So that the copy matches the original, retype each line of the material below exactly.

■ Task data:
____

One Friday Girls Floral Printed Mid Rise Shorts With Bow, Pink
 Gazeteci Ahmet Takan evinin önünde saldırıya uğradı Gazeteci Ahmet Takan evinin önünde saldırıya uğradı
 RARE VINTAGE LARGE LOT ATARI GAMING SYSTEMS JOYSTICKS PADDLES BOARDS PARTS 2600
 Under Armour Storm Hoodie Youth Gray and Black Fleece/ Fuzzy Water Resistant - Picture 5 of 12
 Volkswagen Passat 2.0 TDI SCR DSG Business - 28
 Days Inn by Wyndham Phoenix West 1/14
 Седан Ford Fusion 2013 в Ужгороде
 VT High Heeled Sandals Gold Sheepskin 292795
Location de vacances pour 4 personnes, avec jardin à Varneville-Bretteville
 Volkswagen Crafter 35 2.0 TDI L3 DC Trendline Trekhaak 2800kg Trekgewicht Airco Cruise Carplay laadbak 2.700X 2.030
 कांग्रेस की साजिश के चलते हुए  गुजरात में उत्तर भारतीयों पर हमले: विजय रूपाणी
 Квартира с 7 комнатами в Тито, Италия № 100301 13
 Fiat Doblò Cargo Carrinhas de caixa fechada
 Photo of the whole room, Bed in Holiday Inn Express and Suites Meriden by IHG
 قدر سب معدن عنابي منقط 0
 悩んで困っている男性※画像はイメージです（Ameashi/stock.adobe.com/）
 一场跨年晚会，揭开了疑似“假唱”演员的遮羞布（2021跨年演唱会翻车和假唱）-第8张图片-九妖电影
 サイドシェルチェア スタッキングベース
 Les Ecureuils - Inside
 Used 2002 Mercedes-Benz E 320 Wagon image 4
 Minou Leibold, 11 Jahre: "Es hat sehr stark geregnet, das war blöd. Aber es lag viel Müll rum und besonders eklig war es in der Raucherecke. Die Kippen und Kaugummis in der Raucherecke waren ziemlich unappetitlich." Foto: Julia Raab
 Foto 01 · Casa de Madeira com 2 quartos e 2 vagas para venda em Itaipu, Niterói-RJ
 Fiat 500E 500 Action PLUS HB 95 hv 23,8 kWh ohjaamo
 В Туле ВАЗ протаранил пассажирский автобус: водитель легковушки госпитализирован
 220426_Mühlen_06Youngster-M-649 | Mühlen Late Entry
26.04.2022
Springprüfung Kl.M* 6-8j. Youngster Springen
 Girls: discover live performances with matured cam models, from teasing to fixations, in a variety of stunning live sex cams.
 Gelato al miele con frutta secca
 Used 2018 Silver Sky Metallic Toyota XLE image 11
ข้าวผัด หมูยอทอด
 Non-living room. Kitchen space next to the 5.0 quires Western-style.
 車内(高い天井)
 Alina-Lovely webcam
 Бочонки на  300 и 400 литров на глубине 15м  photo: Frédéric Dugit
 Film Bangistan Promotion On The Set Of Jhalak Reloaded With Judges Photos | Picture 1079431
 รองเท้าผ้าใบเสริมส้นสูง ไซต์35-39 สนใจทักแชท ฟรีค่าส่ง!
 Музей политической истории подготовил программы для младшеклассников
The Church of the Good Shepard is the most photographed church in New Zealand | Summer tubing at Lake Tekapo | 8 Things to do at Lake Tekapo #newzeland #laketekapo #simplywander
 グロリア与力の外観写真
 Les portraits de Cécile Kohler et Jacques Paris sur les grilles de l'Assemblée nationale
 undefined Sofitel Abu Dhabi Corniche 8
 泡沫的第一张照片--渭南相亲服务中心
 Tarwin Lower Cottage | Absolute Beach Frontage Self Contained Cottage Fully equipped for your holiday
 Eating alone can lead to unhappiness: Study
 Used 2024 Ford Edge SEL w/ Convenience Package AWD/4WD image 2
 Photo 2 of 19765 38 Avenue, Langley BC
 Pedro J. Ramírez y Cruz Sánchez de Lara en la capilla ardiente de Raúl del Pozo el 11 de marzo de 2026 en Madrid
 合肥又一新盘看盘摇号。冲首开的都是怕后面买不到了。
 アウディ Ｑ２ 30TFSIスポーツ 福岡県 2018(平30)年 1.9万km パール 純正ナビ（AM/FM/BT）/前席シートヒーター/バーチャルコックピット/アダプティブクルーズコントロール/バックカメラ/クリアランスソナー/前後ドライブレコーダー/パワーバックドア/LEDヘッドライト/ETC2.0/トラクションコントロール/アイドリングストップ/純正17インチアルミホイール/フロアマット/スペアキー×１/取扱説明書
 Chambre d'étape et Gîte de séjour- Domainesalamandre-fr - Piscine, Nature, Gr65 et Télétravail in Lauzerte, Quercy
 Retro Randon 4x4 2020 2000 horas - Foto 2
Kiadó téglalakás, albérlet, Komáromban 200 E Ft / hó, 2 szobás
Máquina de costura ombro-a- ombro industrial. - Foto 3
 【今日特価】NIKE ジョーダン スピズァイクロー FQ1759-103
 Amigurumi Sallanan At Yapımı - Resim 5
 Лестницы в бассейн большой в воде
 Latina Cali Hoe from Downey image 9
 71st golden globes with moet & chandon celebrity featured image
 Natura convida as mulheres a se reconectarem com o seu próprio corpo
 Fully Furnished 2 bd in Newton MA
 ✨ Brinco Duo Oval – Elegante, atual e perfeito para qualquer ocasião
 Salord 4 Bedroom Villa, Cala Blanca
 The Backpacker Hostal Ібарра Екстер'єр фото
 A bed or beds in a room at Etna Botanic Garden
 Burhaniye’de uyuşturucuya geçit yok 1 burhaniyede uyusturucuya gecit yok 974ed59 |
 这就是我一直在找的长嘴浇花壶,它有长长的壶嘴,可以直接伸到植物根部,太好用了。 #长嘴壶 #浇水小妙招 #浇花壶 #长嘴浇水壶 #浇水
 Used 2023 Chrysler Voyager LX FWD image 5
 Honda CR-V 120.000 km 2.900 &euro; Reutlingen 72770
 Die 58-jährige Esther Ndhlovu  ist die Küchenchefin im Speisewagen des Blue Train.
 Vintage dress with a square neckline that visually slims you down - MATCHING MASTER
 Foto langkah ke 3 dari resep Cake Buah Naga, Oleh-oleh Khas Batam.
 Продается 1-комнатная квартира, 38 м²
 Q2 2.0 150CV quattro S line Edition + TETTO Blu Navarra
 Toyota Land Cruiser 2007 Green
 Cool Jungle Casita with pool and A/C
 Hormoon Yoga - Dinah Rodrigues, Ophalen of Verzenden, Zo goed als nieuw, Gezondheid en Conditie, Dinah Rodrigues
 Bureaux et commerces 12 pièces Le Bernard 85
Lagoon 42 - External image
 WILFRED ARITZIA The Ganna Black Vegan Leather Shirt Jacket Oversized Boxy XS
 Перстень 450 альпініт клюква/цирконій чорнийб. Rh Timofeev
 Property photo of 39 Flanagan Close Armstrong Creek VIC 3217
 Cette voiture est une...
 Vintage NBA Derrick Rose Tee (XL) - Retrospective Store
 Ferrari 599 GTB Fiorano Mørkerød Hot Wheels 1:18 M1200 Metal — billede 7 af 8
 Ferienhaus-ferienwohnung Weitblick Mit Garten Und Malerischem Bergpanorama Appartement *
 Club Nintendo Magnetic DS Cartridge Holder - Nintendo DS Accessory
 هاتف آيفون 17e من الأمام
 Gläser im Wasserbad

____

■ Answer to this exercise:
One Friday Girls Floral Printed Mid Rise Shorts With Bow, Pink
 Gazeteci Ahmet Takan evinin önünde saldırıya uğradı Gazeteci Ahmet Takan evinin önünde saldırıya uğradı
 RARE VINTAGE LARGE LOT ATARI GAMING SYSTEMS JOYSTICKS PADDLES BOARDS PARTS 2600
 Under Armour Storm Hoodie Youth Gray and Black Fleece/ Fuzzy Water Resistant - Picture 5 of 12
 Volkswagen Passat 2.0 TDI SCR DSG Business - 28
 Days Inn by Wyndham Phoenix West 1/14
 Седан Ford Fusion 2013 в Ужгороде
 VT High Heeled Sandals Gold Sheepskin 292795
Location de vacances pour 4 personnes, avec jardin à Varneville-Bretteville
 Volkswagen Crafter 35 2.0 TDI L3 DC Trendline Trekhaak 2800kg Trekgewicht Airco Cruise Carplay laadbak 2.700X 2.030
 कांग्रेस की साजिश के चलते हुए  गुजरात में उत्तर भारतीयों पर हमले: विजय रूपाणी
 Квартира с 7 комнатами в Тито, Италия № 100301 13
 Fiat Doblò Cargo Carrinhas de caixa fechada
 Photo of the whole room, Bed in Holiday Inn Express and Suites Meriden by IHG
 قدر سب معدن عنابي منقط 0
 悩んで困っている男性※画像はイメージです（Ameashi/stock.adobe.com/）
 一场跨年晚会，揭开了疑似“假唱”演员的遮羞布（2021跨年演唱会翻车和假唱）-第8张图片-九妖电影
 サイドシェルチェア スタッキングベース
 Les Ecureuils - Inside
 Used 2002 Mercedes-Benz E 320 Wagon image 4
 Minou Leibold, 11 Jahre: "Es hat sehr stark geregnet, das war blöd. Aber es lag viel Müll rum und besonders eklig war es in der Raucherecke. Die Kippen und Kaugummis in der Raucherecke waren ziemlich unappetitlich." Foto: Julia Raab
 Foto 01 · Casa de Madeira com 2 quartos e 2 vagas para venda em Itaipu, Niterói-RJ
 Fiat 500E 500 Action PLUS HB 95 hv 23,8 kWh ohjaamo
 В Туле ВАЗ протаранил пассажирский автобус: водитель легковушки госпитализирован
 220426_Mühlen_06Youngster-M-649 | Mühlen Late Entry
26.04.2022
Springprüfung Kl.M* 6-8j. Youngster Springen
 Girls: discover live performances with matured cam models, from teasing to fixations, in a variety of stunning live sex cams.
 Gelato al miele con frutta secca
 Used 2018 Silver Sky Metallic Toyota XLE image 11
ข้าวผัด หมูยอทอด
 Non-living room. Kitchen space next to the 5.0 quires Western-style.
 車内(高い天井)
 Alina-Lovely webcam
 Бочонки на  300 и 400 литров на глубине 15м  photo: Frédéric Dugit
 Film Bangistan Promotion On The Set Of Jhalak Reloaded With Judges Photos | Picture 1079431
 รองเท้าผ้าใบเสริมส้นสูง ไซต์35-39 สนใจทักแชท ฟรีค่าส่ง!
 Музей политической истории подготовил программы для младшеклассников
The Church of the Good Shepard is the most photographed church in New Zealand | Summer tubing at Lake Tekapo | 8 Things to do at Lake Tekapo #newzeland #laketekapo #simplywander
 グロリア与力の外観写真
 Les portraits de Cécile Kohler et Jacques Paris sur les grilles de l'Assemblée nationale
 undefined Sofitel Abu Dhabi Corniche 8
 泡沫的第一张照片--渭南相亲服务中心
 Tarwin Lower Cottage | Absolute Beach Frontage Self Contained Cottage Fully equipped for your holiday
 Eating alone can lead to unhappiness: Study
 Used 2024 Ford Edge SEL w/ Convenience Package AWD/4WD image 2
 Photo 2 of 19765 38 Avenue, Langley BC
 Pedro J. Ramírez y Cruz Sánchez de Lara en la capilla ardiente de Raúl del Pozo el 11 de marzo de 2026 en Madrid
 合肥又一新盘看盘摇号。冲首开的都是怕后面买不到了。
 アウディ Ｑ２ 30TFSIスポーツ 福岡県 2018(平30)年 1.9万km パール 純正ナビ（AM/FM/BT）/前席シートヒーター/バーチャルコックピット/アダプティブクルーズコントロール/バックカメラ/クリアランスソナー/前後ドライブレコーダー/パワーバックドア/LEDヘッドライト/ETC2.0/トラクションコントロール/アイドリングストップ/純正17インチアルミホイール/フロアマット/スペアキー×１/取扱説明書
 Chambre d'étape et Gîte de séjour- Domainesalamandre-fr - Piscine, Nature, Gr65 et Télétravail in Lauzerte, Quercy
 Retro Randon 4x4 2020 2000 horas - Foto 2
Kiadó téglalakás, albérlet, Komáromban 200 E Ft / hó, 2 szobás
Máquina de costura ombro-a- ombro industrial. - Foto 3
 【今日特価】NIKE ジョーダン スピズァイクロー FQ1759-103
 Amigurumi Sallanan At Yapımı - Resim 5
 Лестницы в бассейн большой в воде
 Latina Cali Hoe from Downey image 9
 71st golden globes with moet & chandon celebrity featured image
 Natura convida as mulheres a se reconectarem com o seu próprio corpo
 Fully Furnished 2 bd in Newton MA
 ✨ Brinco Duo Oval – Elegante, atual e perfeito para qualquer ocasião
 Salord 4 Bedroom Villa, Cala Blanca
 The Backpacker Hostal Ібарра Екстер'єр фото
 A bed or beds in a room at Etna Botanic Garden
 Burhaniye’de uyuşturucuya geçit yok 1 burhaniyede uyusturucuya gecit yok 974ed59 |
 这就是我一直在找的长嘴浇花壶,它有长长的壶嘴,可以直接伸到植物根部,太好用了。 #长嘴壶 #浇水小妙招 #浇花壶 #长嘴浇水壶 #浇水
 Used 2023 Chrysler Voyager LX FWD image 5
 Honda CR-V 120.000 km 2.900 &euro; Reutlingen 72770
 Die 58-jährige Esther Ndhlovu  ist die Küchenchefin im Speisewagen des Blue Train.
 Vintage dress with a square neckline that visually slims you down - MATCHING MASTER
 Foto langkah ke 3 dari resep Cake Buah Naga, Oleh-oleh Khas Batam.
 Продается 1-комнатная квартира, 38 м²
 Q2 2.0 150CV quattro S line Edition + TETTO Blu Navarra
 Toyota Land Cruiser 2007 Green
 Cool Jungle Casita with pool and A/C
 Hormoon Yoga - Dinah Rodrigues, Ophalen of Verzenden, Zo goed als nieuw, Gezondheid en Conditie, Dinah Rodrigues
 Bureaux et commerces 12 pièces Le Bernard 85
Lagoon 42 - External image
 WILFRED ARITZIA The Ganna Black Vegan Leather Shirt Jacket Oversized Boxy XS
 Перстень 450 альпініт клюква/цирконій чорнийб. Rh Timofeev
 Property photo of 39 Flanagan Close Armstrong Creek VIC 3217
 Cette voiture est une...
 Vintage NBA Derrick Rose Tee (XL) - Retrospective Store
 Ferrari 599 GTB Fiorano Mørkerød Hot Wheels 1:18 M1200 Metal — billede 7 af 8
 Ferienhaus-ferienwohnung Weitblick Mit Garten Und Malerischem Bergpanorama Appartement *
 Club Nintendo Magnetic DS Cartridge Holder - Nintendo DS Accessory
 هاتف آيفون 17e من الأمام
 Gläser im Wasserbad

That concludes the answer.